**DATASET EXTRACT:**
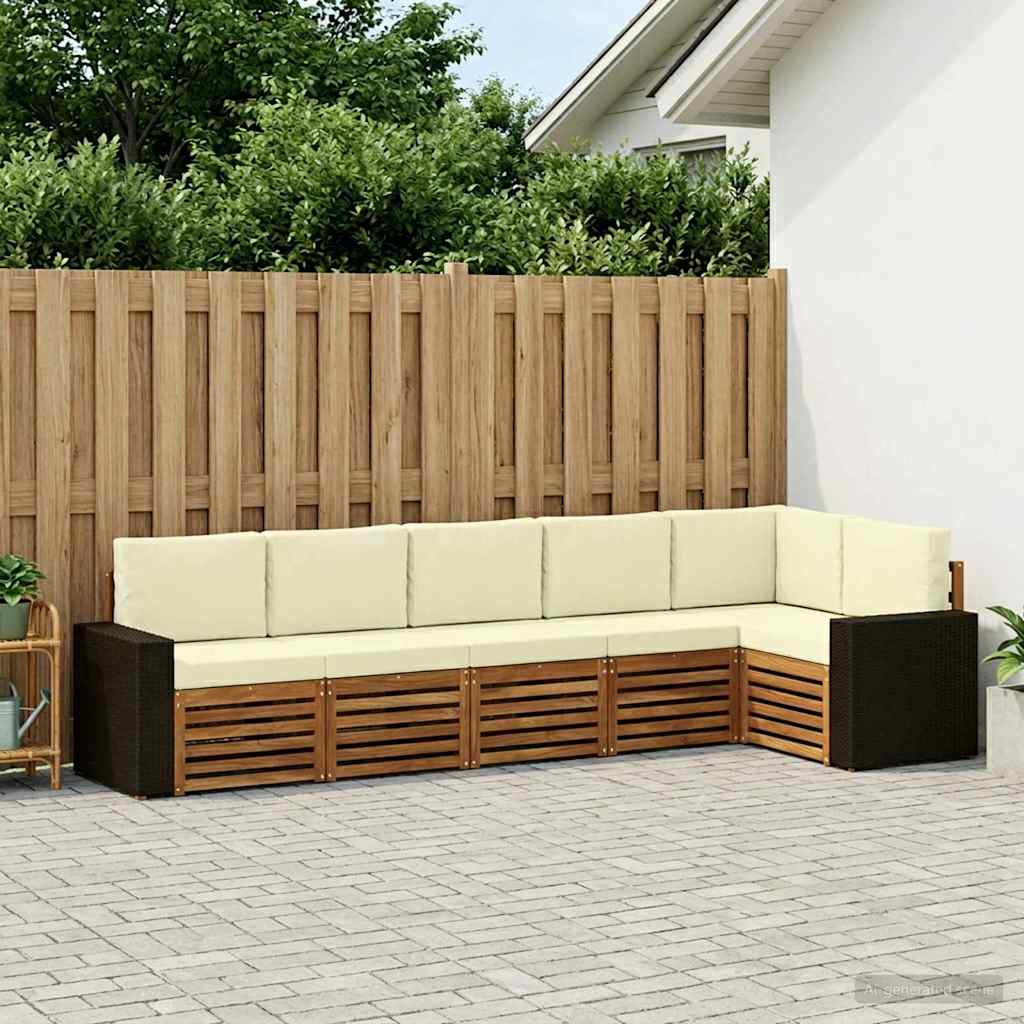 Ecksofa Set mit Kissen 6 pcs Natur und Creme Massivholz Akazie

* * *

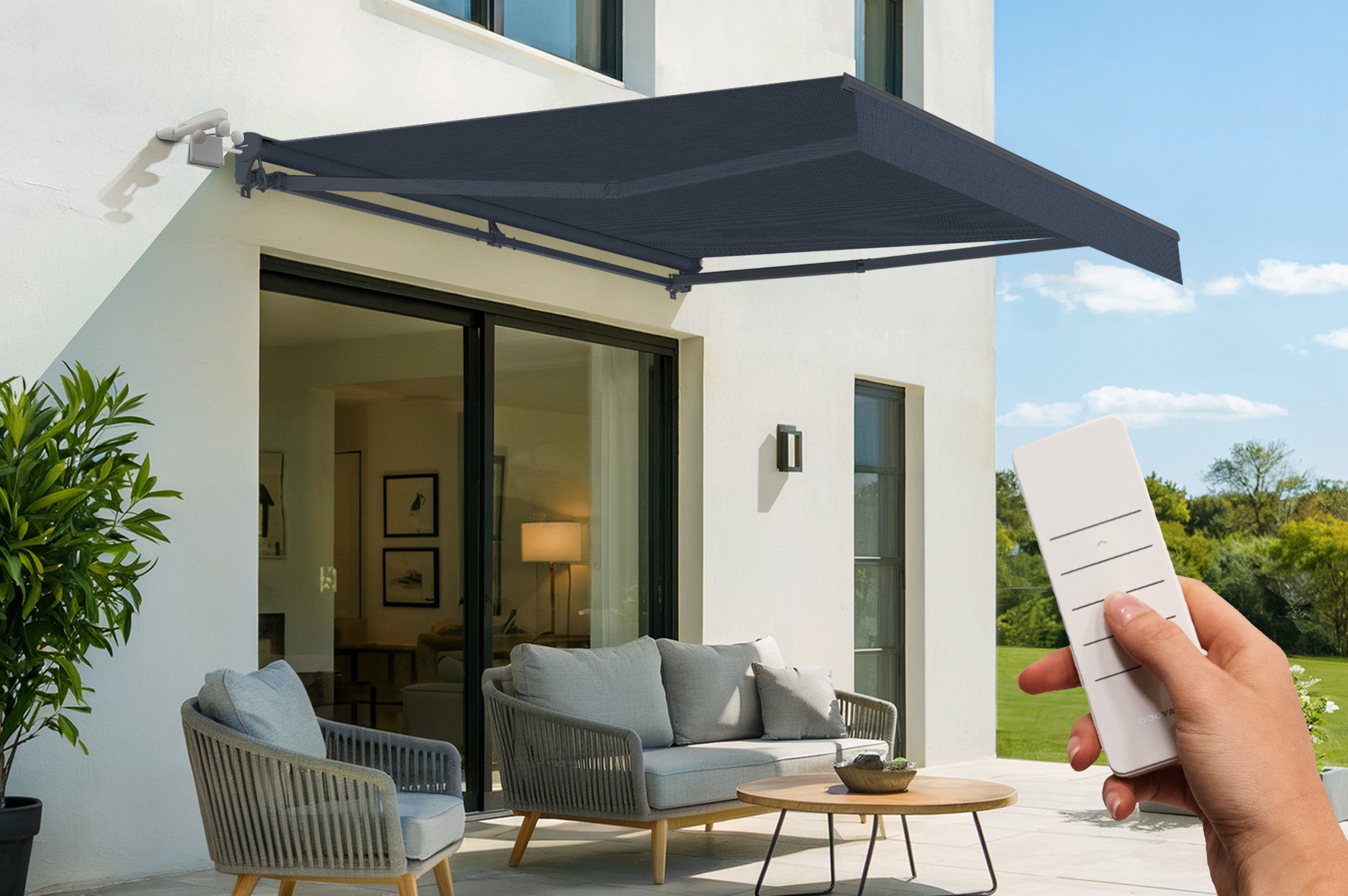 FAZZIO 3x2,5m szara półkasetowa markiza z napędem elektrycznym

...

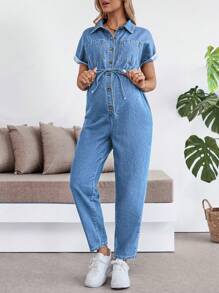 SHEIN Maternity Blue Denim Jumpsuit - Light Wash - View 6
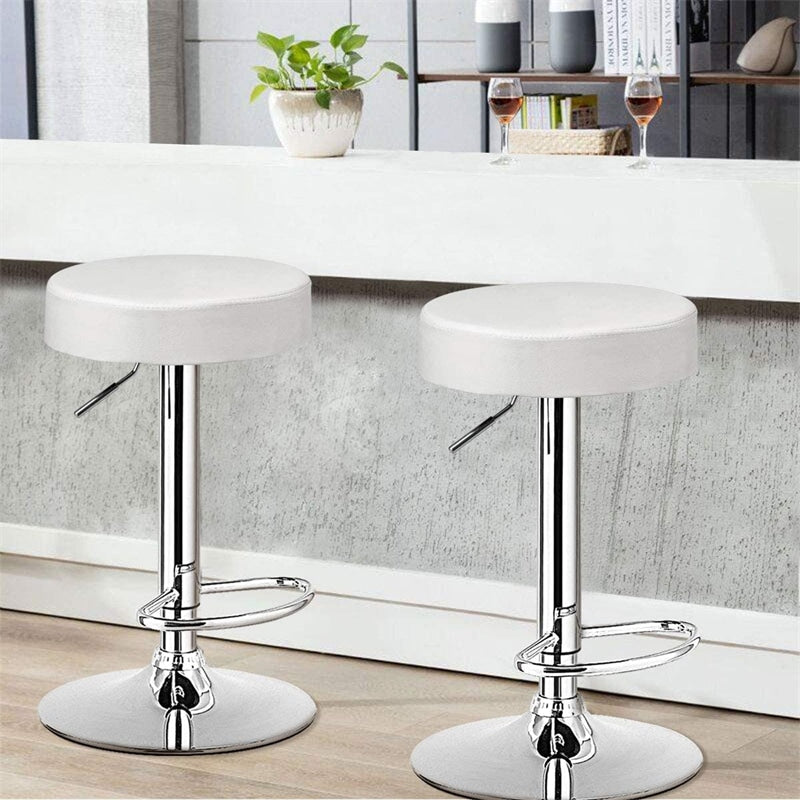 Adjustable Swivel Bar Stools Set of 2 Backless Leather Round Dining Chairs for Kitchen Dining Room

**ACTION ITEM:**
In the material above, one part opens with the line containing "SHEIN Maternity Blue" and closes with the line containing "Adjustable Swivel Bar". Write out that part exactly and skip its pictures.

**EXERCISE SOLUTION:**
 SHEIN Maternity Blue Denim Jumpsuit - Light Wash - View 6
 Adjustable Swivel Bar Stools Set of 2 Backless Leather Round Dining Chairs for Kitchen Dining Room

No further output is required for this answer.